-------- RAW DATA
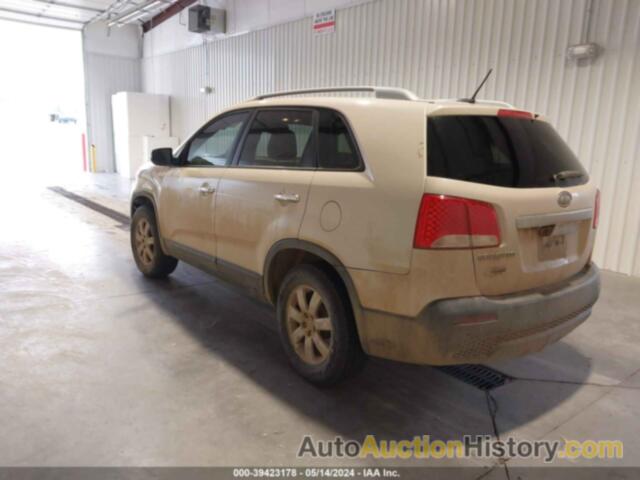 KIA SORENTO LX, 5XYKT3A1XBG131135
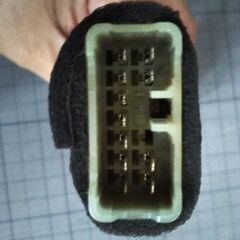 スズキ　オーディオ配線　コネクター　12ピンの画像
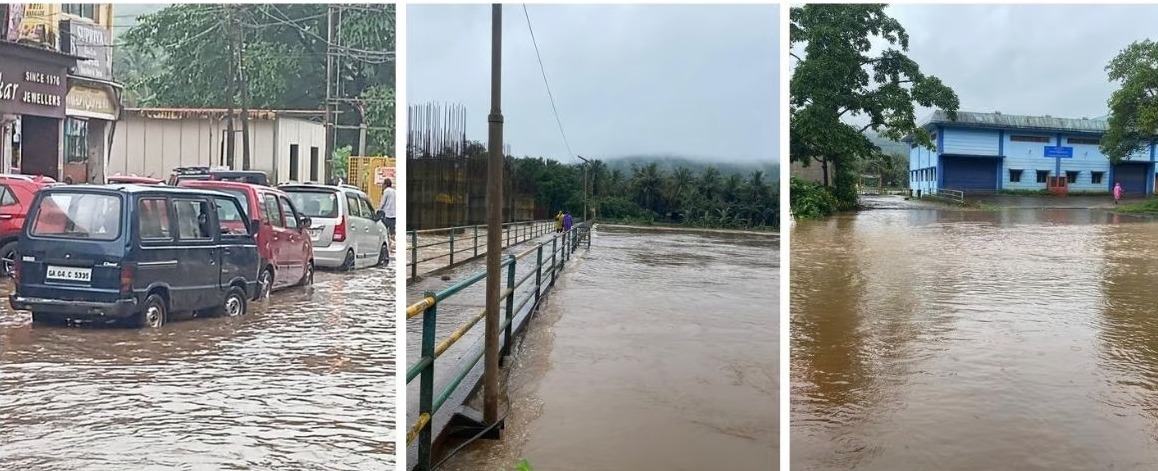 ಕಳೆದ ಎರಡು ದಿನಗಳಿಂದ ಮತ್ತೆ ಮಳೆ ಆರಂಭ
----------------
REQUIREMENT:
Word for word, restate the material above; do not carry over the pictures.

SOLVED EXERCISE:
 KIA SORENTO LX, 5XYKT3A1XBG131135
 スズキ　オーディオ配線　コネクター　12ピンの画像
 ಕಳೆದ ಎರಡು ದಿನಗಳಿಂದ ಮತ್ತೆ ಮಳೆ ಆರಂಭ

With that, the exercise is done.